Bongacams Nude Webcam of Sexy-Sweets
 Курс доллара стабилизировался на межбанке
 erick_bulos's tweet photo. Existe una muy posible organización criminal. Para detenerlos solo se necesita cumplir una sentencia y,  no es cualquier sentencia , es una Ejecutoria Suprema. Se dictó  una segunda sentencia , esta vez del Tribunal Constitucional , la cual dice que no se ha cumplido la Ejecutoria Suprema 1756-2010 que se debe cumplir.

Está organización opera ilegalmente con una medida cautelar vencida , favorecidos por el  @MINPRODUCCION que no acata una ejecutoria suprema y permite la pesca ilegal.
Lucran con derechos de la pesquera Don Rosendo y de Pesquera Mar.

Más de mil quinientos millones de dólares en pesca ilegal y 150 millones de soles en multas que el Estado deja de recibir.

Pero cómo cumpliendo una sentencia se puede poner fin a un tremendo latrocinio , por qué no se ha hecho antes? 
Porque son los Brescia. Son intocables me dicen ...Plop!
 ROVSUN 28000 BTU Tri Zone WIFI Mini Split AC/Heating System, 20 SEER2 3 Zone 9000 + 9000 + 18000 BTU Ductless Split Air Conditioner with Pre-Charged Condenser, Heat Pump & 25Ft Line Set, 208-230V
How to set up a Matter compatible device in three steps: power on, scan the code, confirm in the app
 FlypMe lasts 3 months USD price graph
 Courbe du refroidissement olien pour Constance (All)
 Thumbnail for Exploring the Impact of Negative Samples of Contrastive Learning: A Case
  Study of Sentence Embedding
------------------------------------------------
*WORK INSTRUCTIONS*: From the entries above, copy every line containing the word "pesca".

*ANSWER FOR THE TASK*:
Está organización opera ilegalmente con una medida cautelar vencida , favorecidos por el  @MINPRODUCCION que no acata una ejecutoria suprema y permite la pesca ilegal.
Más de mil quinientos millones de dólares en pesca ilegal y 150 millones de soles en multas que el Estado deja de recibir.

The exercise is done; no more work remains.